D'autres juges se contentent d'inverser la charge de la preuve en reprochant au parent qui prétend à la garde alternée de n'avoir pas suffisamment démontré le potentiel de nuisance que porterait une garde exclusive à l'intérêt de l'enfant.


Le Juge tient ainsi compte de :


• la pratique que les parents avaient précédemment suivie ou les accords qu'ils avaient pu précédemment conclure ;


• les sentiments exprimés par l’enfant mineur dans les conditions prévues à l'article 388-1 du Code civil ;


• l'aptitude de chacun des parents à assumer ses devoirs et respecter les droits de l'autre ;


• le résultat des expertises éventuellement effectuées, tenant compte notamment de l'âge de l’enfant ;


• les renseignements qui ont été recueillis dans les éventuelles enquêtes et contre-enquêtes sociales prévues à l'article 373-2-12 ;


• les pressions ou violences, à caractère physique ou psychologique, exercées par l'un des parents sur la personne de l'autre.

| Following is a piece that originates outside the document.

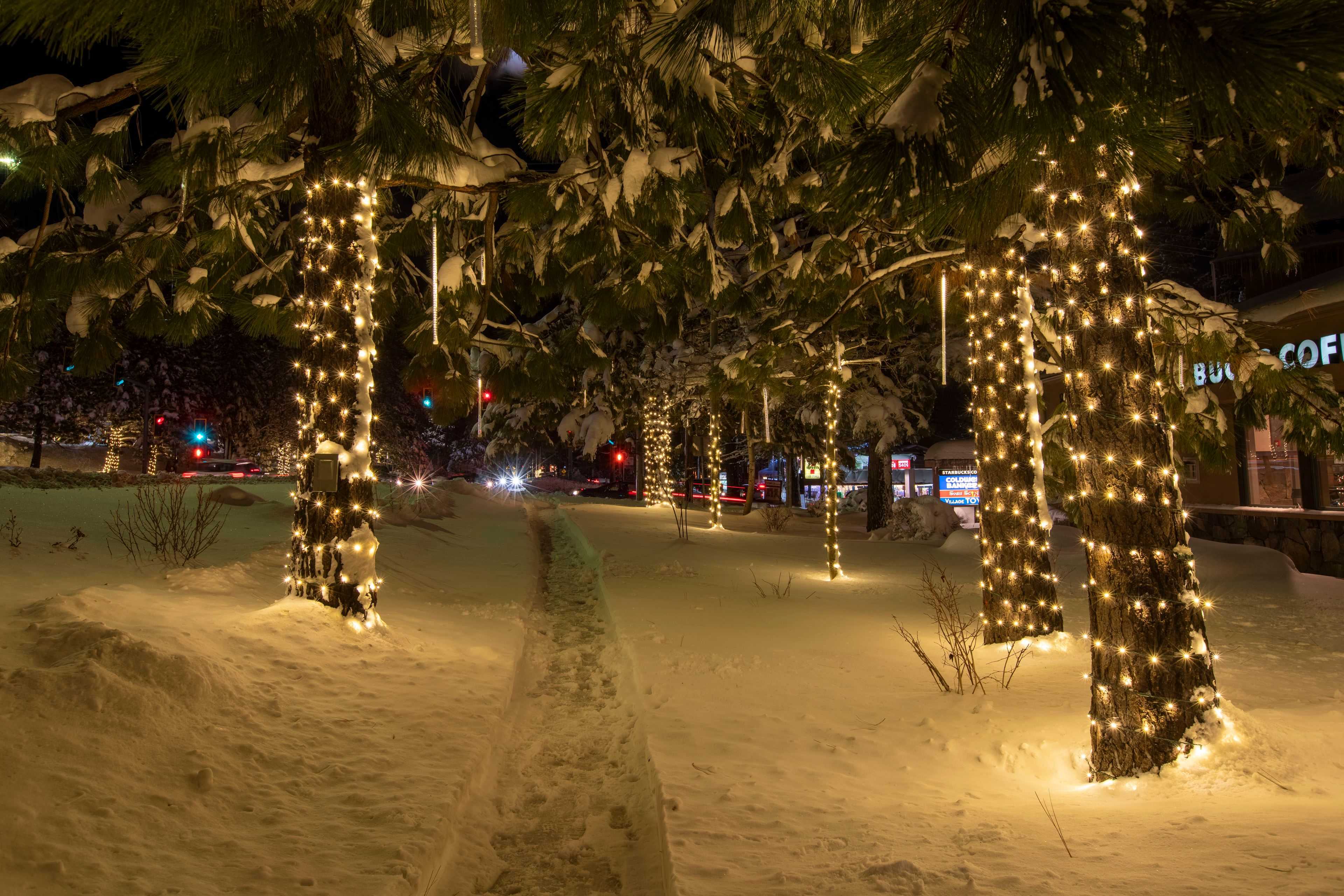 a sidewalk with Christmas trees on each side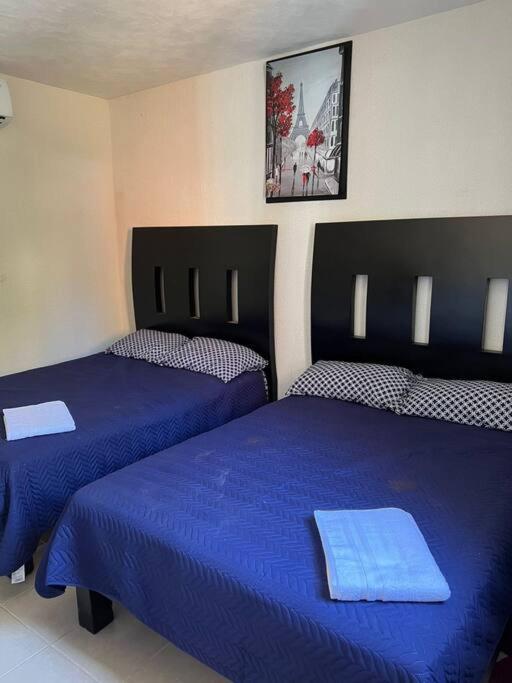 New Home Sol, Mar Y Arena Ixtapa. Ixtapa  Εξωτερικό φωτογραφία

• la proximité géographique des domiciles ou du lieu de scolarisation de l'enfant :


• les qualités éducatives et affectives des deux parents :


• les conditions matérielles d'accueil de l'enfant :


• l'âge et le souhait de l'enfant : une audition de l'enfant peut en effet influer sur le jugement


Il n'en demeure pas moins qu’il existe souvent une incertitude dans les décisions obtenues s’agissant de dossiers qui diffèrent selon la vie des parents, la situation de l’enfant, le contexte familial et professionnel, l’histoire de chacun et aussi l’appréciation propre du juge sur l’ensemble de ces éléments.